October 2011
8 posts
And this led to David Freese and the Cardinals’ last hope. Soon, as announcers like to say, he was down to his last strike, and then he hit a 98-mph fastball hard to right field. And the beauty of it was that in the instant after the ball was hit, it had a chance to be anything. He had obviously hit it well — the ball cracked off the bat — but there was no telling how well. It had a chance to be a home run. It had a chance to be an out. I have written before that there is nothing in sports like the successful Hail Mary pass in football, and the main reason I think that is that no two Hail Mary passes are alike. Sometimes they deflect from one receiver to another. Sometimes they bounce off the defenders’ hands and back to a waiting receiver. Sometimes the pass just drops into a pile and sticks in a receiver’s hands. Really, there are countless geometrical possibilities. Baseball doesn’t usually have that kind of geometry. Home runs are home runs. Singles are singles. Pop-outs are pop-outs.
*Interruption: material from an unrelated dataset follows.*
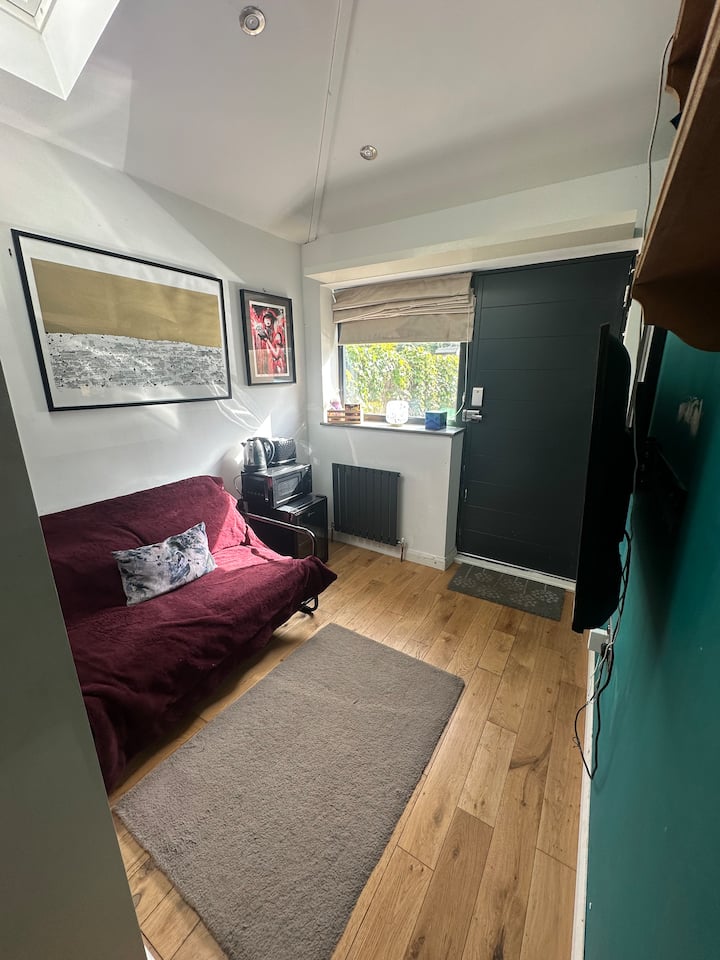 Self Contained Annex With Parking Close To Centre - Bath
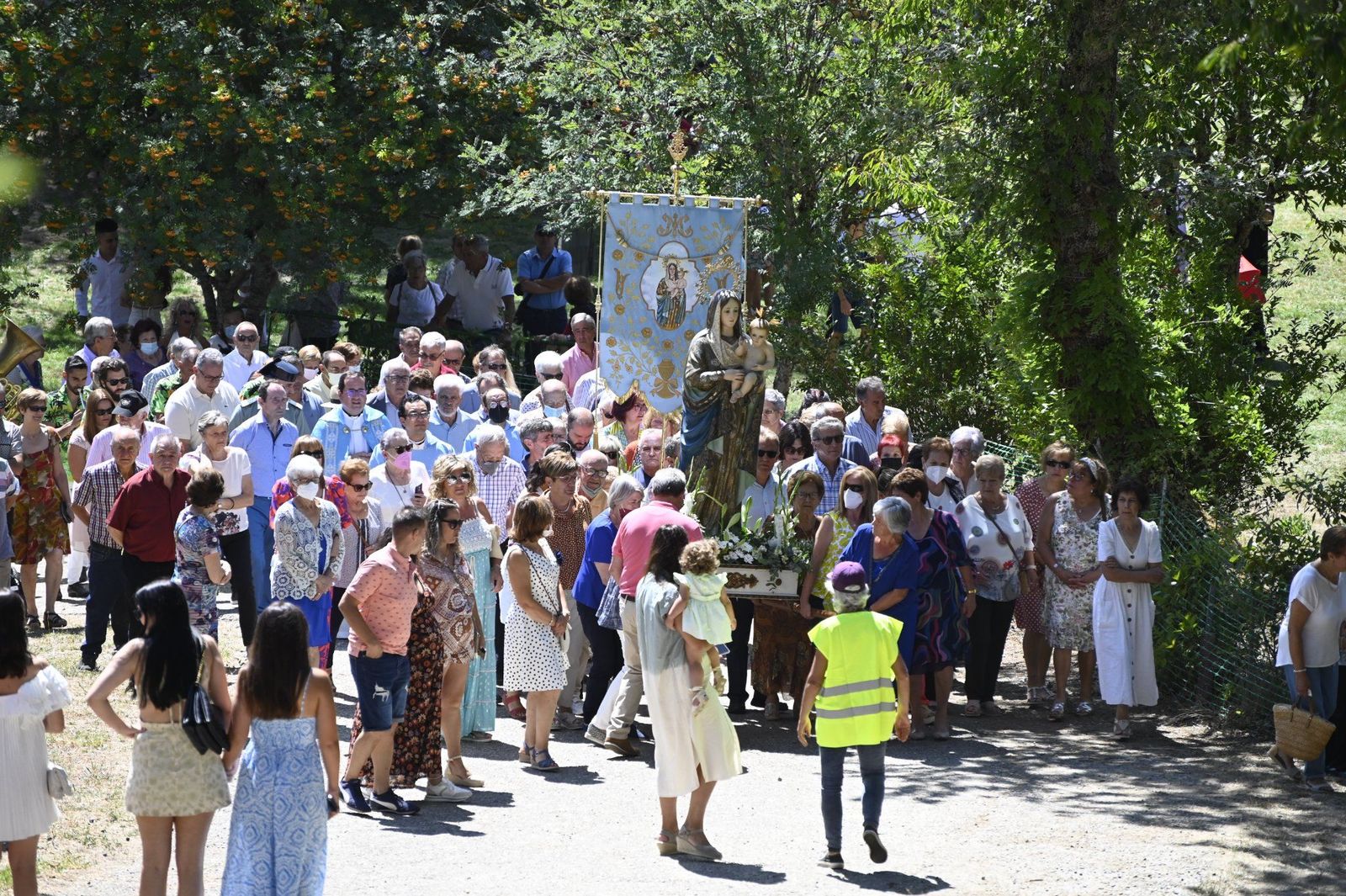 Lubián vuelve a disfrutar de su tradicional romería. Archivo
But Freese’s fly was something like a Hail Mary, there was just no telling how it would end while the ball was in the air. Cruz went back on it with the cautious nature of an outfielder who is about to make a catch. This is the thing that baseball people have told me and I have told countless people — watch the outfielder. They will usually tell you the story. Cruz seemed ready to catch the ball. But this time Cruz’s apparent calm was an illusion — he had misread the wall. He thought he was a lot closer to it. I have seen the replay a dozen times now, and it seems to me that he could have caught that ball, should have caught that ball, that the wall and the moment conquered him. He leaped for the ball, but awkwardly and meagerly, like someone descending stairs in the dark who doesn’t realize that there is one more step. The ball crashed off the wall, bounced by him, and the Cardinals scored two runs to tie the game and the St. Louis crowd transformed into a jet engine.